--- WHAT NEEDS TO BE DONE ---
Required from the data below: the exact lines starting at the line containing "The column matrices" and ending at the line containing "It's going to", with both ends kept and all pictures dropped.

--- RECORDS TO USE ---

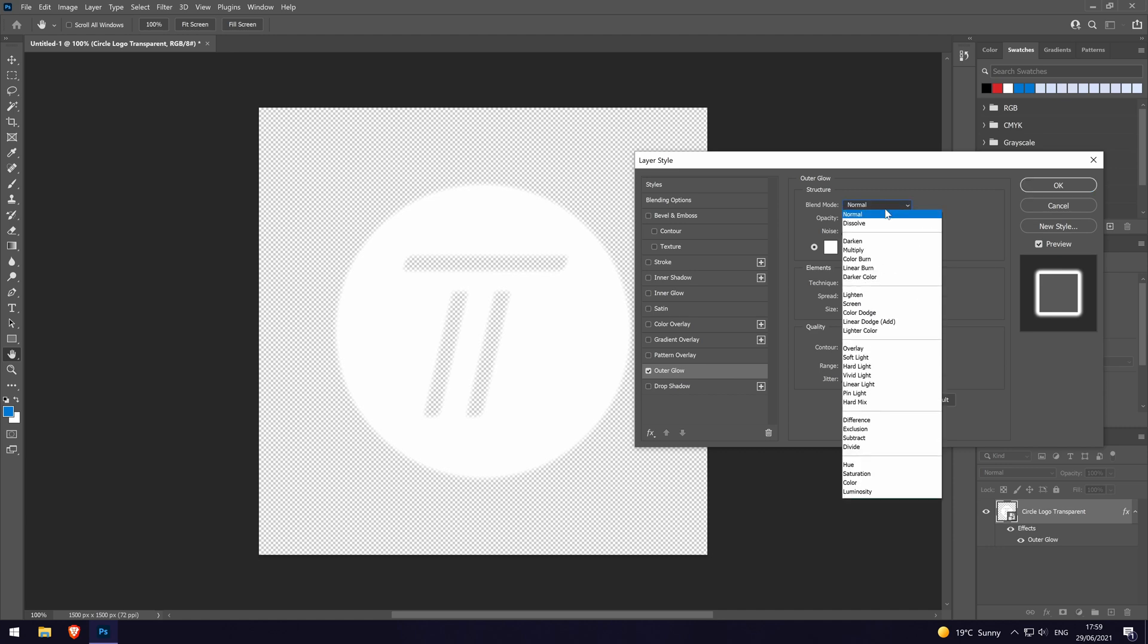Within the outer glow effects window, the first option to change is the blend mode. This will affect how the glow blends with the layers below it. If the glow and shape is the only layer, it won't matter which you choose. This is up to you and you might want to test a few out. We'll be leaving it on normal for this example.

==

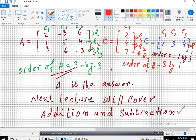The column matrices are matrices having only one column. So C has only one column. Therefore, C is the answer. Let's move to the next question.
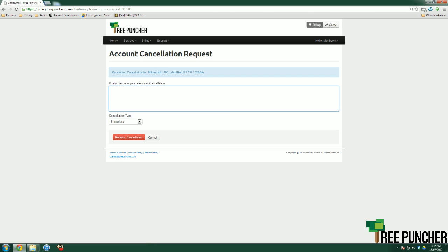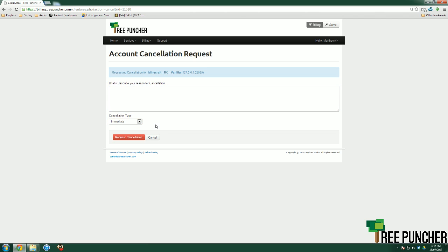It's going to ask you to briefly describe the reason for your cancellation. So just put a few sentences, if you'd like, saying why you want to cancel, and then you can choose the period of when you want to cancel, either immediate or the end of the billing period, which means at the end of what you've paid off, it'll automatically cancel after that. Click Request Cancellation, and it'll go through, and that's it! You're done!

--- OUTPUT FOR THIS EXERCISE ---
The column matrices are matrices having only one column. So C has only one column. Therefore, C is the answer. Let's move to the next question.
It's going to ask you to briefly describe the reason for your cancellation. So just put a few sentences, if you'd like, saying why you want to cancel, and then you can choose the period of when you want to cancel, either immediate or the end of the billing period, which means at the end of what you've paid off, it'll automatically cancel after that. Click Request Cancellation, and it'll go through, and that's it! You're done!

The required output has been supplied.